When adding hints to the diner scene which later became elements of Dot's dream, Shih says, “I think we erred on the side of putting in too much and probably shot a lot more than we needed to. Some things were probably cut out because it’s a fine balance. We want the audience to be able to, by the end of the episode, be like, ‘Oh yeah, it was a dream, and that makes sense.’ But we didn’t want them to feel it on the first watch.”

==Reception==
===Viewers===
In its original American broadcast, "Linda" was seen by an estimated 0.576 million household viewers and gained a 0.08 ratings share among adults aged 18–49, according to Nielsen Media Research. This means that 0.08 percent of all households with televisions watched the episode. This was a 14% increase in viewership from the previous episode, which was watched by 0.457 million viewers with a 0.07 in the 18-49 demographics.

===Critical reviews===
"Linda" received extremely positive reviews from critics.
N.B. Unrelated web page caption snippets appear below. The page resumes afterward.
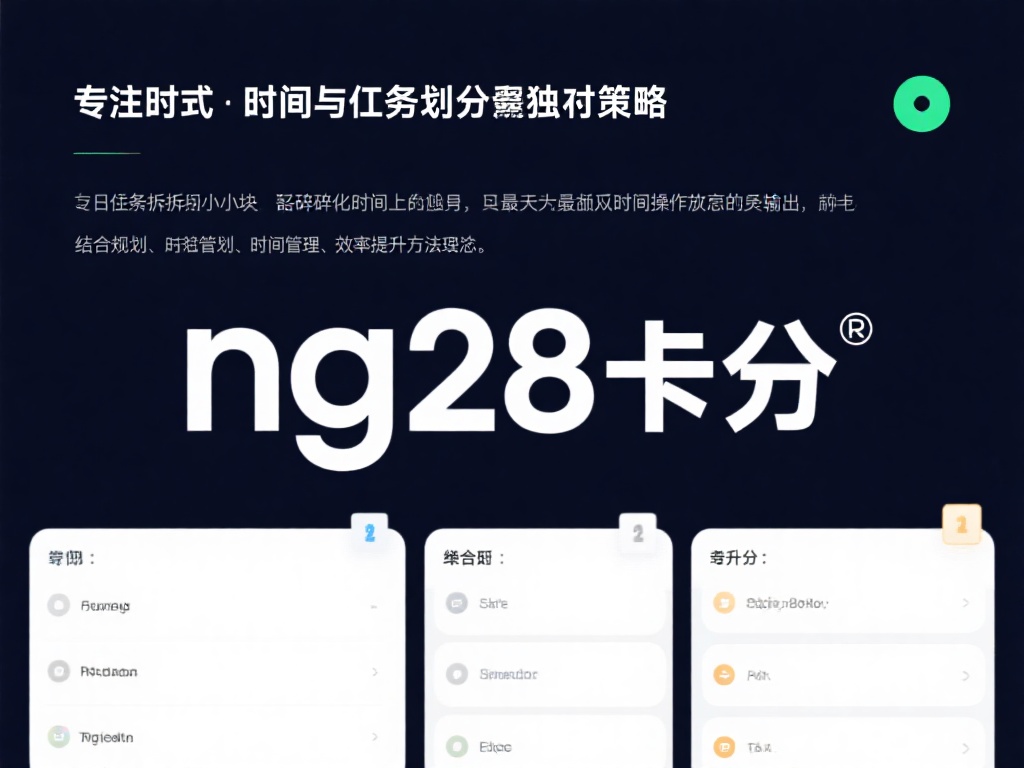 如何有效使用NG28卡分提升游戏体验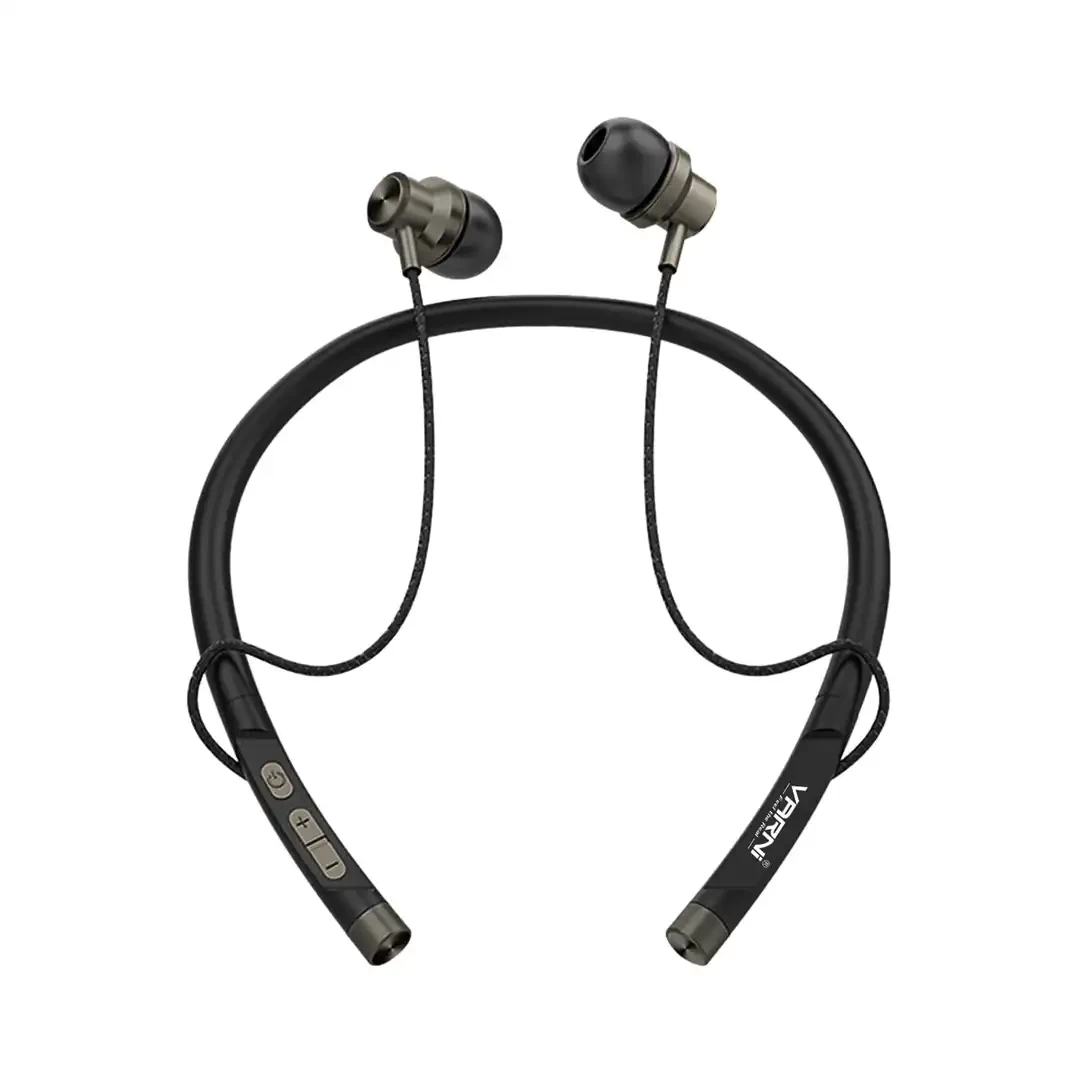 Varni B1050 Wireless Bluetooth Supporting Earphone with Neckband Supports Magnetic Switch Control, Hands-Free Calls, Voice Assistant, Sweatpoof & Upto30hrs* Playback Time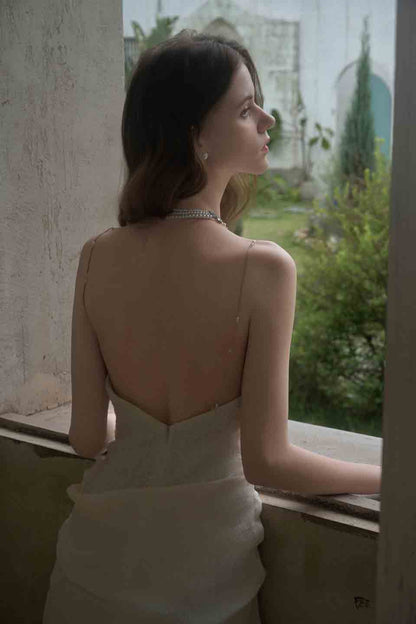 Crow Crew White dark patten camisole dress
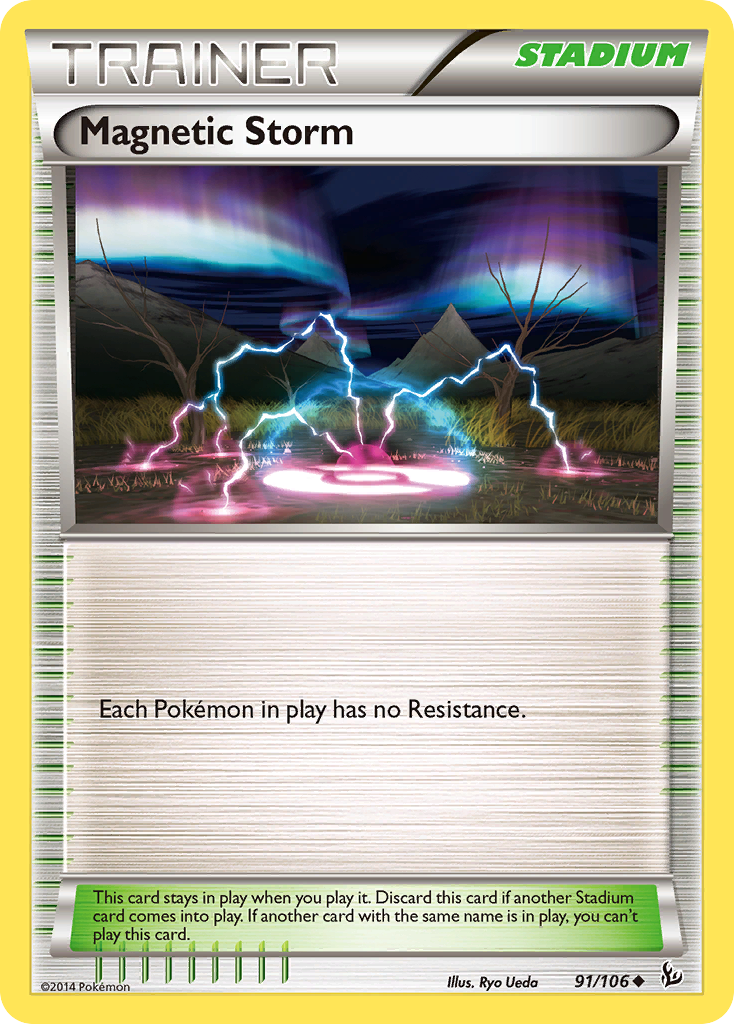 Magnetic Storm (91/106) [XY: Flashfire] | Cracking-Singles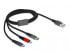 Фото #3 товара Delock 87277 - 1 m - USB A - Micro-USB B/Lightning/Apple 30-pin - USB 2.0 - Green - Black - Red - Blue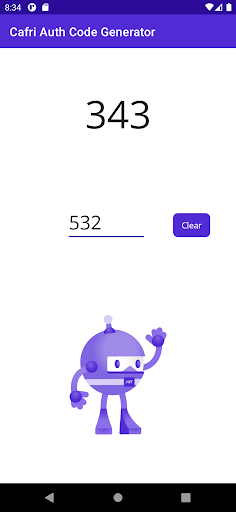 Cafri Auth Code Generator Screen 3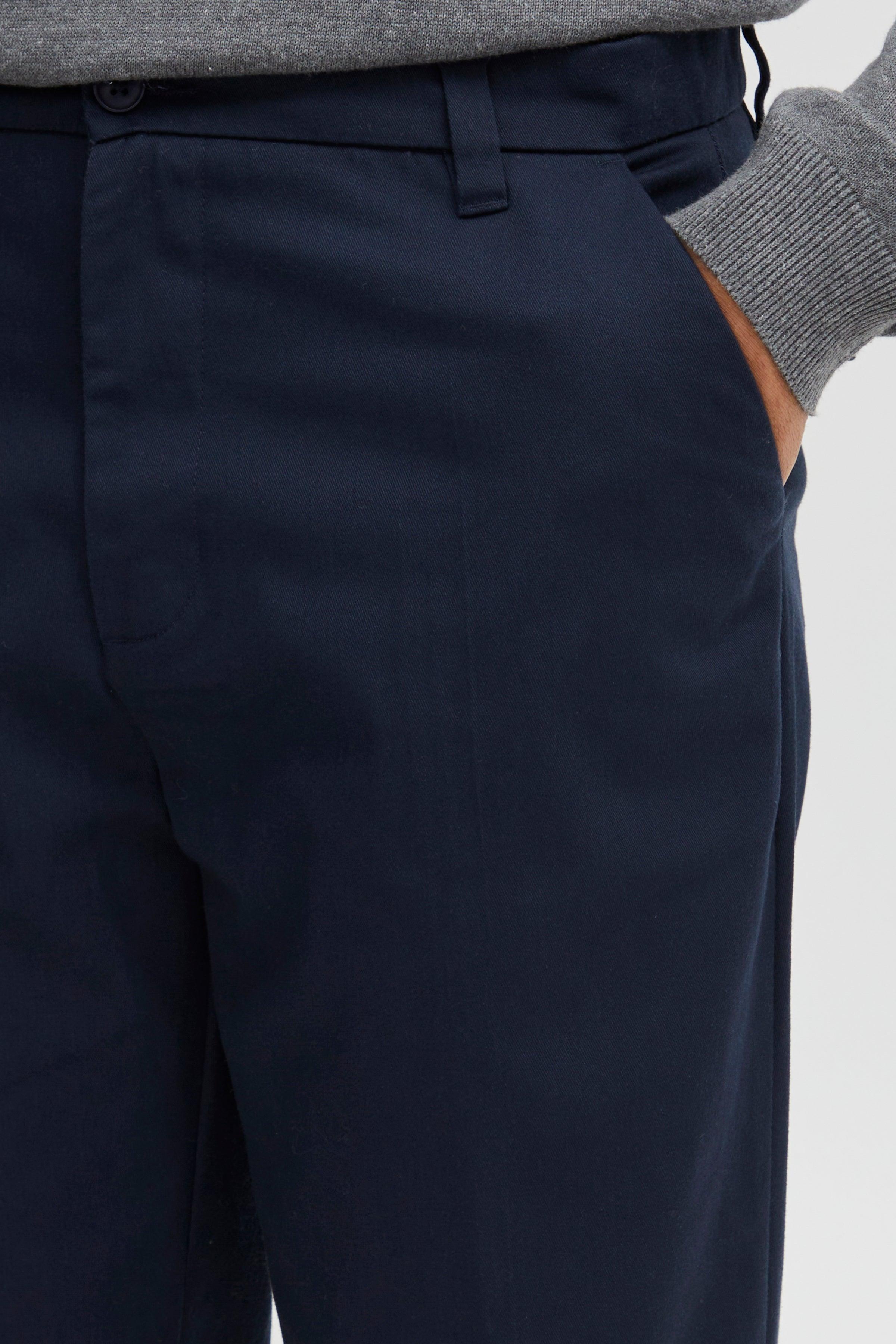 Pantalón !Solid Alann Insignia Blue - ECRU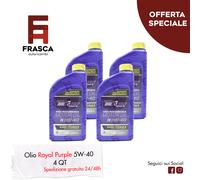 Olio Motore Sintetico 5W40 Royal Purple Alte Prestazioni API SP Acea A3 B4 21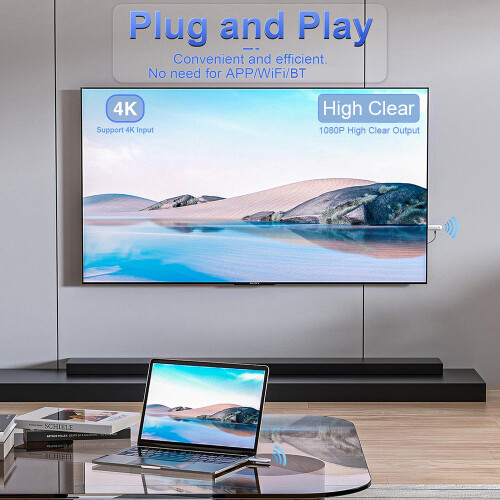 Wireless HDMI Transmitter Receiver 4K High Clear Long-Range BT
Tom Philip of The A.V. Club gave the episode an "A–" grade and wrote, "Rewatching the episode, the clues are everywhere. But such a rote, cynical twist feels like the point here. Camp Utopia was just that, and whether there's a real log cabin in the woods somewhere housing dozens of Lindas is beside the point. Dot's finally been able to tell her story and finally equipped herself to receive it. That's surely victory enough? No."

Alan Sepinwall wrote, "On the one hand, it's a powerful and deliberately odd look at the psychological wounds from abuse that linger long after the physical injuries have healed, and it's probably Juno Temple's best showcase of the season so far. On the other, the episode's conclusion seems to reveal that the entire thing was a daydream Dot had while sitting at a roadside diner. And I believe that the bar has to be very high to justify an episode going, 'It was all a dream!' The emotional catharsis was still real in Dot's head, but it doesn't appear that she ever saw Linda, much less convinced her to speak to the authorities with her. So I didn't love that." Keith Phipps of Vulture gave the episode a 4 star rating out of 5 and wrote, "After a string of action- and incident-packed episodes, 'Linda' slows down the pace while raising the stakes."

Scott Tobias of The New York Times wrote, "Now in the homestretch of the new season, Hawley returns to Oz again with an extended fantasy sequence that addresses Dot's back story more deftly than a standard monologue or flashback ever could. It's also a subtler homage than running a tornado through Kansas in black-and-white." Sean T. Collins of Decider wrote, "The Coen Brothers can be unsparing as hell when they want to, and there are cases throughout their filmography where people who deserve to live don't. That's been mostly, though not entirely, untrue of Hawley's version of things. I suppose both we and Dot are going to find out soon enough."